Palaver on the Eleventh Floor

In Washington this week, the Foreign Ministers of France and Britain will meet with the U.S. Secretary of State to ponder the state of the Western World. A "poor man's Bermuda" was what Washington wags called it, for this was a last-minute substitute for the conference of the Big Three leaders which was called off by the illness of Winston Churchill. The foreign secretaries will meet in less dramatic fashion in an air-conditioned room on the eleventh floor of the old State Department Annex. But their mission is just as important: to reinvigorate a taken-for-granted alliance that has shown signs of wilting in the hot, unexpected gusts of the Soviet "peace offensive."

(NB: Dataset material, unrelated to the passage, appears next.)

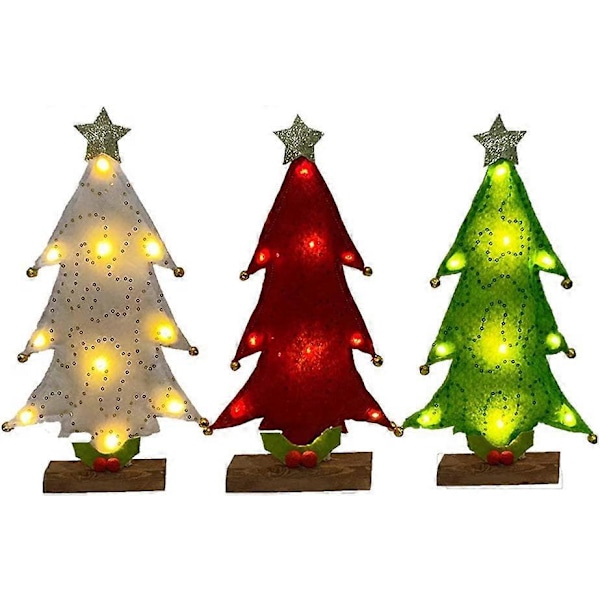 Bordplade Juletræ med Lys, Mini Juletræ i Stof med Træfod LED Lys Bord Skrivebordsdekoration Julegave 33x18cm (Rød)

The agenda for the conference:

1) Trends in the Soviet Union.

2) Developments in Germany.

3) Western Europe's defense (NATO, EDC, etc.).

4 ) Korea.

5) Indo-China.

The answers to all five turn on the interpretation of one: widespread signs of unrest in the Soviet empire. The Americans, eying the headlines on troubles in Hungary, East Germany, Czechoslovakia and Rumania, are vaguely aware of a chance to exploit the Reds' weakness and strike a blow for freedom. The question is where and how, and answers are not yet forthcoming (see NATIONAL AFFAIRS). Europe, by contrast, seems more relieved than challenged. Far from seeking ways to press the West's advantage, the French in particular seem to regard the Soviet "thaw out" and the East German uprising as further proof that the Red army is in no shape to invade Western Europe. As a result, the French are in even less of a hurry today than they were six months ago to agree to a European army and West German rearmament. The West Germans, too, are less inclined to accept Konrad Adenauer's stern insistence that they must join arms with the West before they can think of negotiating with the Russians for a unified Germany. Chancellor Adenauer faces the toughest election of his life in September. Before then, the Western powers have anxious and firm decisions to make.